Are you connecting with your teen? Talking, laughing and sharing versus lecturing, warning and threatening? Maria Coyle, Associate Head of School for George Washington University Online High School, reminds parents that even after they have built a solid foundation for their children and prepared them to handle the outside influences of peers and social media, they still have an important role to play in their teens’ lives. “Being present for your child, talking with them, noticing things and encouraging them continues to positively affect their growth and development”, she says.
The average parent today is overwhelmed by the cares of life — work, bills, looming unemployment, separation, care of elderly parents, multitasking, etc.
It is very difficult to keep up with the stresses of life and handle a developing teen who is driving you “nuts”. Don’t forget that the child’s brain is not fully matured until about age 25, making this period leading into adulthood a confusing time. So this is where parents need to exercise empathy and hope that as your teens get older, “the parts of the prefrontal cortex responsible for judgment and decision-making will be developed enough to serve as a brake on runaway emotions and risk-taking. Executive-function skills, such as solving problems and planning strategies, continue to develop at least through age 20” (Study by Sheffield Hallam University, U.K., 2015).
In the meantime, the saga continues. So while multi-tasking has become a way of life for many parents, you need to find quality time to engage with your teens, especially if they are initiating the discussion.

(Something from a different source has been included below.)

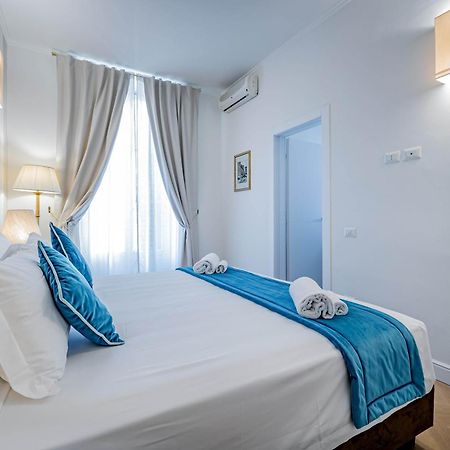Residenza D'Epoca Poliziano Hotel Firenze Eksteriør billede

Van Achterberg, founder of Capitol Hill Child Psychiatry in Washington, DC, urges parents to drop everything if their teens want to talk. “Put down your cell-phone, computer, laundry or whatever pressing matters you have, because nothing is more important than hearing out your teenager when he wants to talk”. Ignoring them could suggest that they don’t matter to you. These opportunities are rare so don’t lose them, and if the topic they raise is something that you are not familiar with or don’t have the answers to, redirect the questions to your teen; they could be testing your response. Ask your teens what they think or suggest they research the answer and share it with you. In this way you are giving that listening ear whilst empowering and validating them.
Do you always finish your teen’s sentences, laugh before they are finished or react in any way before they are done talking? Creating a healthy child-parent relationship, where your teen is encouraged to share their thoughts and feelings is not always easy and requires both sides of the equation to work together. In parents’ desperation to relate to their teens, to be cool or to demonstrate energetic engagement, remarks and reactions may easily come out forced and unnatural. Practice being an active listener. Duffy suggests parents remain silent as much as possible. “My strong bias is to listen more, speak and interrupt less”, he says. “Getting to know their world will diminish your parental anxiety”.

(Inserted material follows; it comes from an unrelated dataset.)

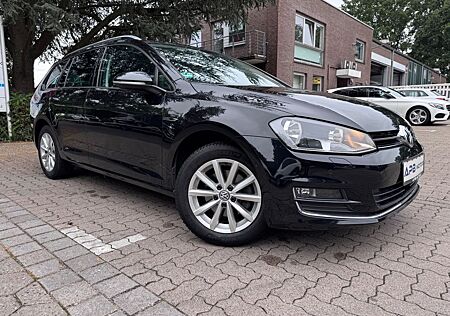 VW Golf Volkswagen VII VARIANT LOUNGE BMT ACC NAVI SITZHZG ALU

In cases where teens are not communicating enough, don’t try too hard but create the environment for a conversation to be sparked and for you to be connected with your teen. By making the effort to spend time talking to your teen every day, you will find that communicating with them about the ‘big things’ will become much easier. One idea: try sharing something about your work day. For example, “The strangest thing happened at work today and I didn’t know what to do”, can lead to a conversation starter where teens may be empowered to share advice, thus boosting their confidence.
Find other chances to connect, such as watching a movie together when the younger children are asleep. This can lead to discussions and make them feel validated. At dinner time, try to do the highs and lows of the day as this is a great way family can connect in a non-threatening way.
Tell your teens you love them and let it show in the way you coach them, and show respect and understanding of the struggle they are going through in this critical stage. This too will pass. Always engage your brain before you engage your mouth and ask yourself if the actions you are about to take are Right, Reasonable, Regular and Redemptive. You might have more than one teen in your household and don’t forget that your interaction will vary from child to child based on temperament.
Providing your teens with greater autonomy as they grow, essentially means learning a new way to care for them. The learning curve will be well worth your time and effort, and will reward you with natural camaraderie and in the end an adult you had hoped for.